The debt accumulated by energy companies is widely known, as many such companies have faced bankruptcy over the years due to weakening oil prices, leaving large of amounts of debt in question. Some companies outside these sectors have also seen their debt ratios increase recently, as seen in most of the DOW 30 companies, such as McDonald’s and Caterpillar. It is difficult to quantify how much debt it too much but with the Federal Reserve increasing interest rates, the economy could enter a downturn.

As quickly as American companies acquire cash, they are accumulating debt as fast, if not faster. Total debt among more than 2,000 nonfinancial companies rose to $6.6 trillion in 2015, dwarfing the $1.84 trillion in cash on their balance sheets, according to a study released by S&P Global Ratings. The cash to debt ratio is the lowest it’s been in about 10 years, or just before the global financial crisis. As markets are coming to terms with increased interest rates, firms are taking on more debt than before with debt growing 50 times that of cash. Firms have registered $850 billion worth of IOUs compared to just $17 billion (1%) cash growth.

According to S&P credit analysts Andrew Chang and David C. Tesher, “This jump in debt reflects the scant resistance borrowers faced from yield-starved investors as companies pursued acquisitions and returned cash to shareholders”.

What’s more, most of the cash is concentrated in the top 1 percent while most of the debt resides with the rest. Total cash balances outside the elite actually declined 6 percent; by contrast, the other 99 percent held $6 trillion of the total debt load. The top 1 percent (25 companies) now controls more than half the corporate cash, up from 38 percent five years ago.
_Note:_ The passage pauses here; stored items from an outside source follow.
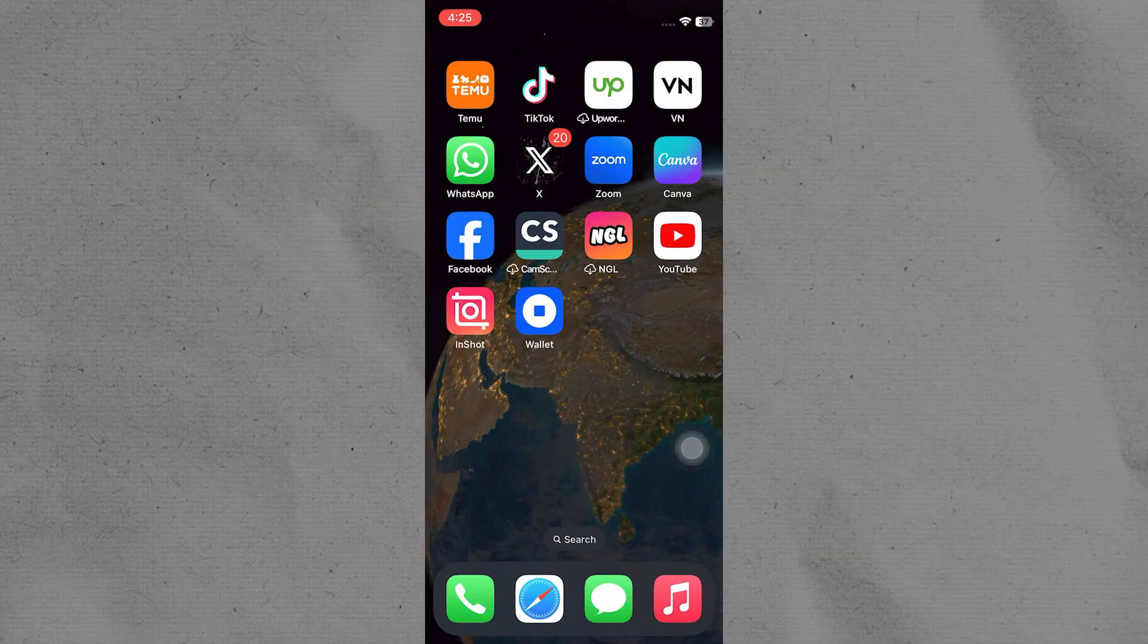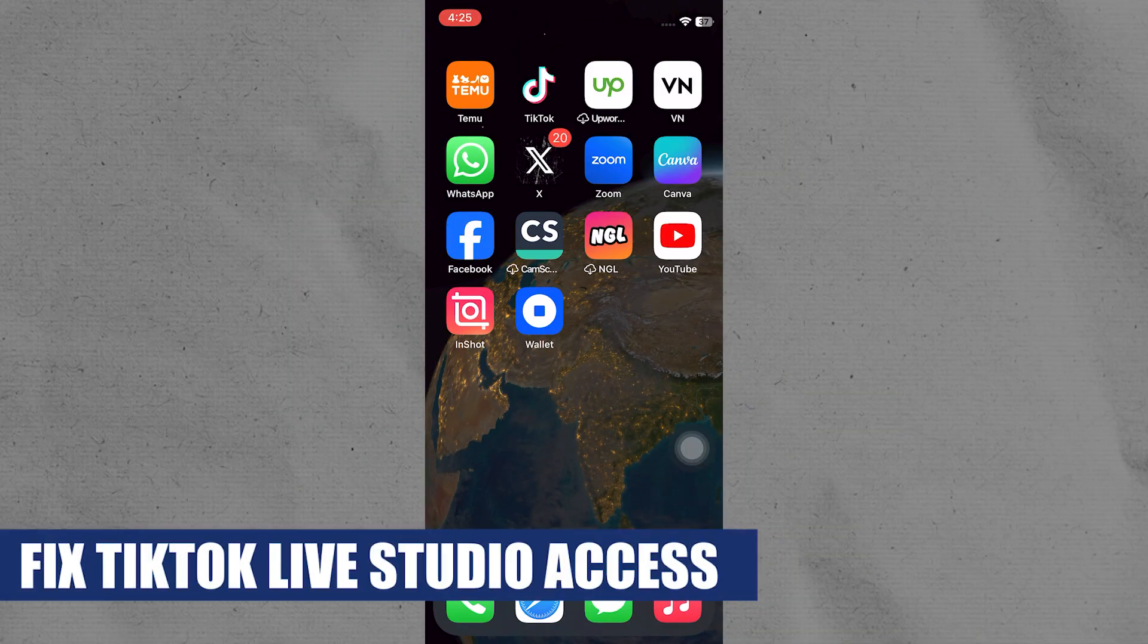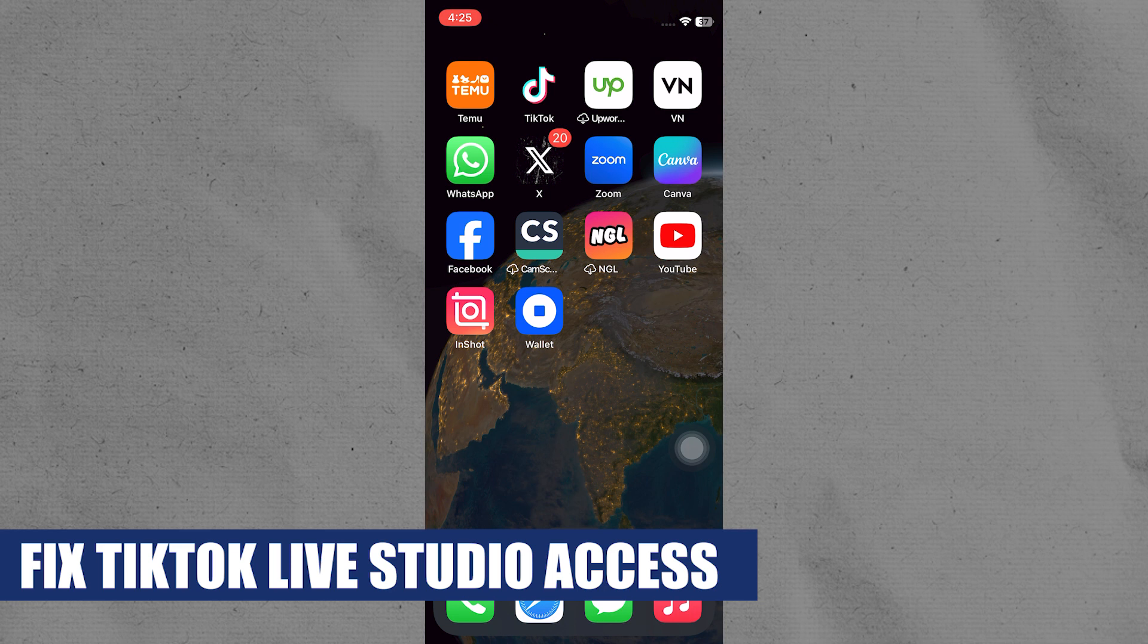Hey everyone, I am Price and today I am going to explain to you how to fix TikTok Live Studio access will soon be available.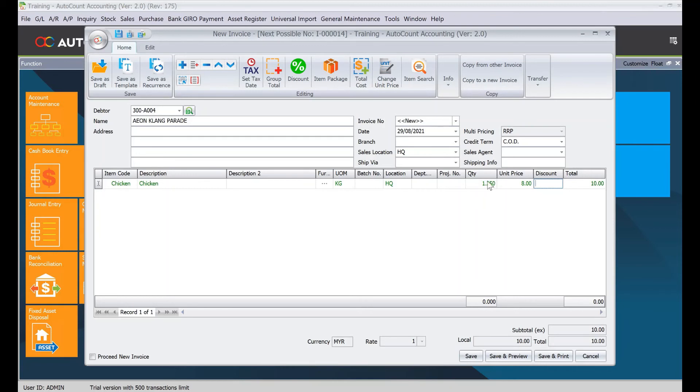Alright, so this is how simple you can change the number of decimal points in AutoCount. Do let us know if you have a topic you'd like us to cover. Thank you.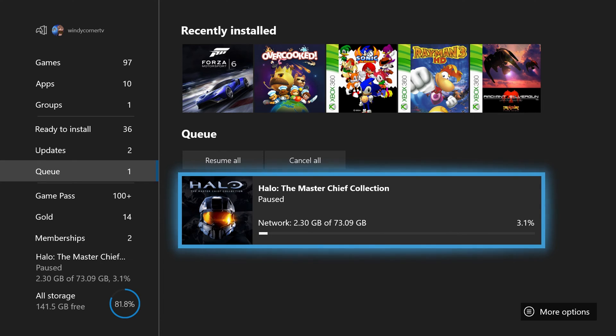First, you'll need to actually own the game, whether it be a download or the actual disc. Unfortunately, even if you own the disc you have to download the whole game again, which is around 73 gigabytes.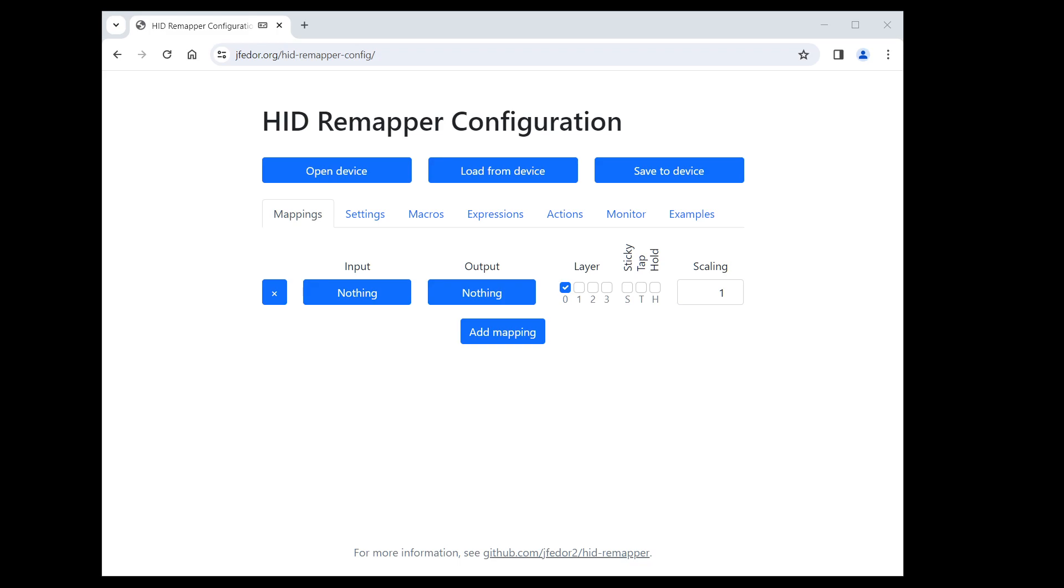Let's talk about the macro feature in HID Remapper. Macros let you send a sequence of inputs by pressing just one key or button. They could be useful for entering some predefined text or for things like a mouse double click triggered by just a single click.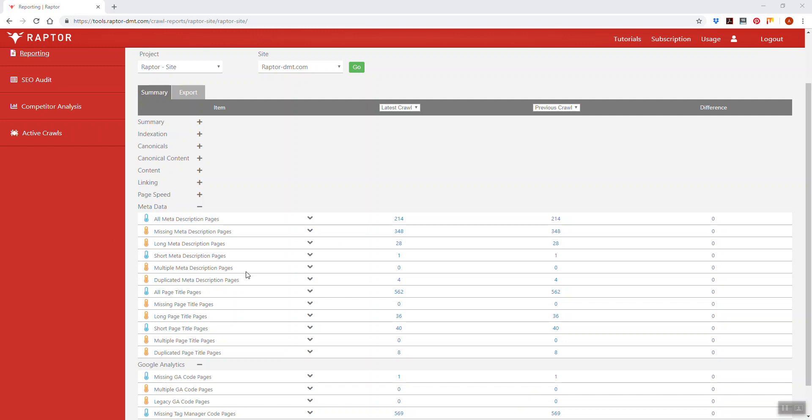In the context of the data that we collect during a web crawl, a multiple meta description means that there are more than one meta descriptions on a page.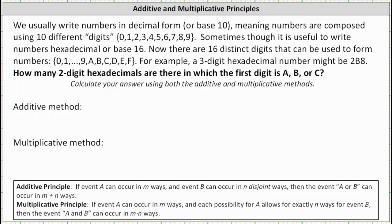We usually write numbers in decimal form or base 10, meaning numbers are composed using 10 different digits, 0 through 9. Sometimes though it is useful to write numbers in hexadecimal or base 16. In base 16, there are 16 distinct digits that can be used to form numbers, which are 0 through 9 and then a through f.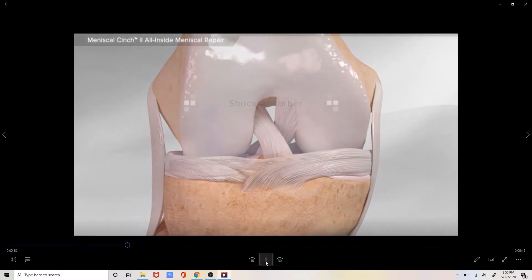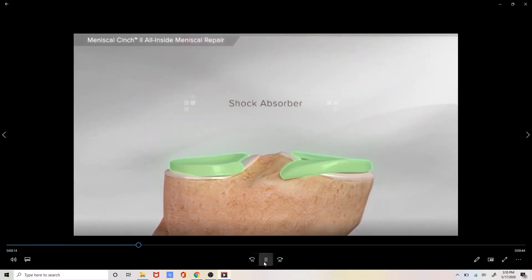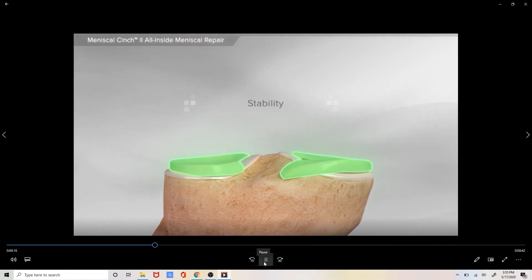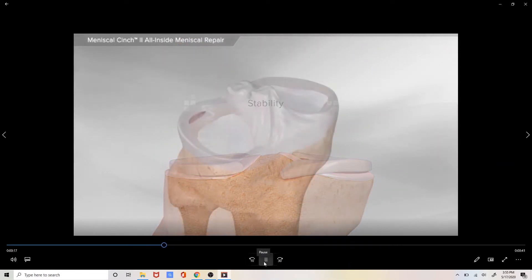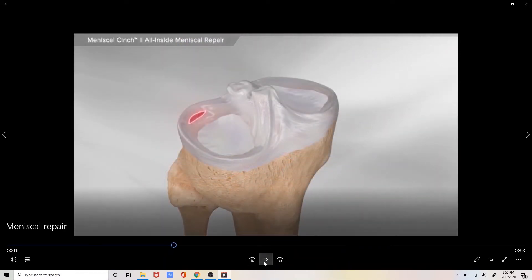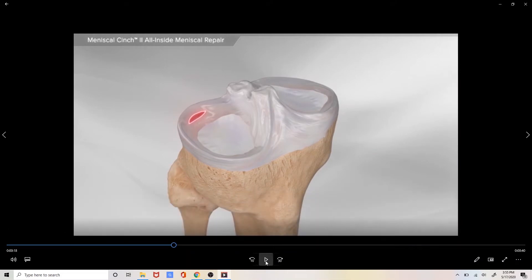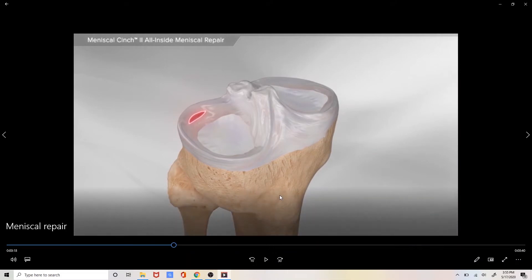The meniscus acts as both a shock absorber as well as providing stability to the knee. If we look carefully at this knee now you can see the two different menisci in the knee. This is the outside part of the leg. This is the inside part of the leg.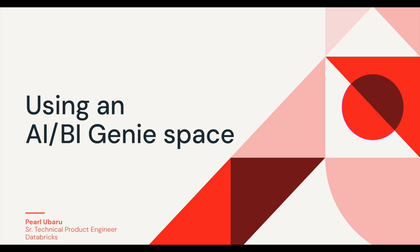Hi, I'm Pearl Ubaroo, and today I'll walk you through how AI/BI Genie helps business teams get the answers they need without having to know SQL or any complex tools.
The cash-to-debt ratio fell to 12 percent among speculative-grade issuers, the lowest level since before the Great Recession.

“There’s a common misconception that companies are swimming in cash, when they are actually drowning in debt,” Chang said in an interview. “Liquidity is not what it appears.”

The surge in debt also comes amid rising defaults. The year has seen 72 defaults, up from 39 at the same time in 2015, S&P reported.

For the most part, defaults have been confined to energy-related issues; 29 are from oil and gas, 12 from metals, mining and steel, and one from utilities. S&P expects the default rate to continue to rise, from 3.9 percent of issuers in the past 12 months to 5.2 percent over the next year.

However, Chang said that while the surge in debt is troubling, it’s not yet at a crisis level. Companies are still able to refinance at low rates and have extended duration.

“While we had that initial freeze in the credit market early this year, investor appetite is picking up again,” he said. “As of today, credit conditions are receptive even to lower-rated issuers. What we’ve seen in the past is it doesn’t take a whole lot for that sentiment to turn.”